Here's what can be extracted and what cannot:

1. A table of acceptance criteria and the reported device performance

The document does not provide a formal table of quantitative acceptance criteria for performance metrics (such as sensitivity, specificity, or precision), nor does it report specific numerical performance data against these criteria. Instead, it relies on demonstrating substantial equivalence to predicate devices by comparing indications for use, technological characteristics, and stating that software validation testing was successfully performed.

The "Summary of Performance Data and Substantial Equivalence" section states:
"Utilizing FDA Guidance document 'Guidance for the Content of Premarket Submissions for Software Contained in Medical Devices' (issued May 11, 2015) the Proposed Device, Titan Dental Design underwent appropriate integration, verification, and validation testing. The software passed the testing and performed per its intended use."

This is the reported "performance" - a qualitative statement confirming it "passed testing" and "performed per its intended use," rather than specific quantitative metrics.

2. Sample size used for the test set and the data provenance

The document does not specify the sample size used for any test set or the provenance (e.g., country of origin, retrospective/prospective) of any data used for testing.
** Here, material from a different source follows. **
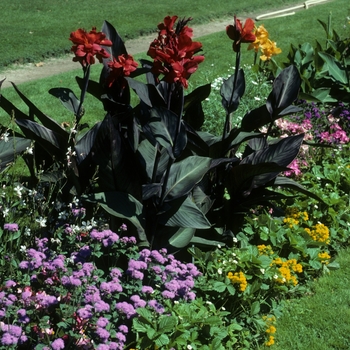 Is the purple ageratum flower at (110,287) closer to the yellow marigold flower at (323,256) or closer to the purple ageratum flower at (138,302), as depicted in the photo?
the purple ageratum flower at (138,302)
3. Number of experts used to establish the ground truth for the test set and the qualifications of those experts

The document does not mention the use of experts to establish a "ground truth" for a test set, as its validation appears to be primarily software-centric (integration, verification, validation) rather than based on a clinical performance study with human readers.
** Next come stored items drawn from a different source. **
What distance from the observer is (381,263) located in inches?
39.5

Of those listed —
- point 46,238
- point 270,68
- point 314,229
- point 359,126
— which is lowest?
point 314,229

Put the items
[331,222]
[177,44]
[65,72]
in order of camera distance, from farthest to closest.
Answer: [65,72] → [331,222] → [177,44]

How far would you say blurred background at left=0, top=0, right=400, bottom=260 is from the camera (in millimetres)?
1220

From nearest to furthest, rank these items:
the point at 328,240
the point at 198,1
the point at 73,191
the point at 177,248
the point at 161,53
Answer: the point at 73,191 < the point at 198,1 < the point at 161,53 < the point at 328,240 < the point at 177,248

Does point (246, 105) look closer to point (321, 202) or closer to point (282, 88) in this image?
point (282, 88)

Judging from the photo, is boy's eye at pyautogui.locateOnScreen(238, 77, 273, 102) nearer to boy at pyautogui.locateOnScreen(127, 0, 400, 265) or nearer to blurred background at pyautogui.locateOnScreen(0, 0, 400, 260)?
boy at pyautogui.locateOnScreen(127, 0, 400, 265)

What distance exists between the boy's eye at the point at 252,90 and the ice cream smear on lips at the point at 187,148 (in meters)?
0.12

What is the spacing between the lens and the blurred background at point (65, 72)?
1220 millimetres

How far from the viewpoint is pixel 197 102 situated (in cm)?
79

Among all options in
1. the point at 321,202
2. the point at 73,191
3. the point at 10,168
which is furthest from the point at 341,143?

4. Adjudication method for the test set

Not applicable, as no clinical test set with human adjudication is described.

5. If a multi-reader multi-case (MRMC) comparative effectiveness study was done, If so, what was the effect size of how much human readers improve with AI vs without AI assistance

No such study is mentioned or implied. This device is described as a "medical front-end device providing tools for management... treatment simulation and virtual appliance design options," not an AI-assisted diagnostic tool that aids human readers in interpretation.

6. If a standalone (i.e., algorithm only without human-in-the-loop performance) was done

The document describes the device as "Stand Alone Software" under "Technological Features," but this refers to the software's operational independence (i.e., it doesn't require other specific hardware or software beyond OS/RAM/CPU) rather than a "standalone performance study" in the context of an AI algorithm's diagnostic accuracy. The entire device functions as "algorithm only" in the sense that it is software, but performance data like sensitivity/specificity are not provided.

7. The type of ground truth used

Not explicitly stated. The validation appears to be against functional requirements and intended use, rather than a clinical ground truth like pathology or outcomes data.

8. The sample size for the training set

The document does not mention a training set size, implying that this is not a machine learning model that requires a distinct "training set." It's more of a rule-based or calculational software tool for dental design.

9. How the ground truth for the training set was established

Not applicable, as no training set or machine learning components are detailed.

In summary, the provided FDA document is a 510(k) clearance letter and summary for a dental software device that functions as a design and planning tool, not an AI-driven diagnostic or assistive technology. Therefore, it does not contain the detailed performance study information typically found in submissions for AI/ML-based diagnostic devices, such as acceptance criteria based on accuracy metrics, test set characteristics, expert ground truthing, or MRMC study results.